Le Secrétaire général d’IndustriALL, Valter Sanches, a indiqué :
“Il est grand temps que Shell se montre à la hauteur de son propre code de conduite et s’assure que les milliers de travailleurs et travailleuses qui peinent à la tâche sur ses chantiers au Nigeria soient traités humainement. Shell doit cesser d’être aveugle aux violations de droits de l’homme dont sont victimes les travailleurs en sous-traitance de ses activités au Nigeria.
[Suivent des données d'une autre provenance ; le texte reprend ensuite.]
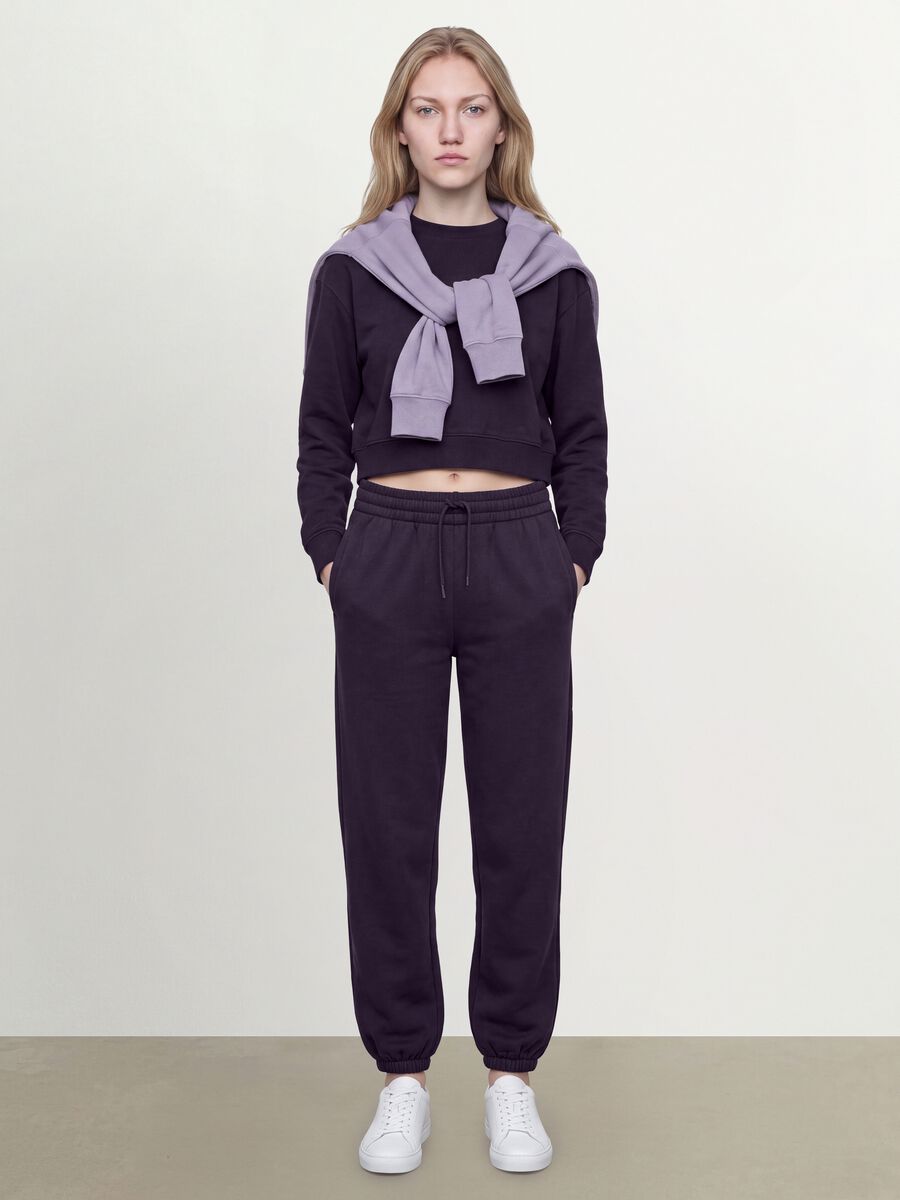 Felpa viola in misto cotone a girocollo regular fit_2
Nous exhortons l’entreprise à entamer le dialogue avec IndustriALL et ses affiliés du Nigeria afin de porter remède à la situation, qui au stade actuel ne relève pas d’une attitude responsable, ni durable.”
IndustriALL mène une campagne mondiale pour dire stop au travail précaire chez Shell, où les salariés en sous-traitance sont dans un rapport de plus de deux pour un permanent et effectuent les tâches les plus dangereuses. Les syndicats estiment que le ratio de Shell est même supérieur au niveau du Nigeria, mais l’entreprise ne dévoile pas les chiffres par pays.
Le mois dernier, Shell a annoncé avoir joint ses forces à celles d’autres entreprises du domaine de l’énergie pour créer une approche collaborative de l’évaluation des droits de l’homme au niveau des fournisseurs de l’industrie de l’énergie. Les entreprises participantes disent reconnaître l’importance de travailler avec des fournisseurs qui respectent les droits de l’homme, dont les conventions fondamentales de l’Organisation Internationale du Travail. Cependant, Shell a refusé l’offre d’IndustriALL de collaborer avec elle pour enquêter sur ces mêmes préoccupations.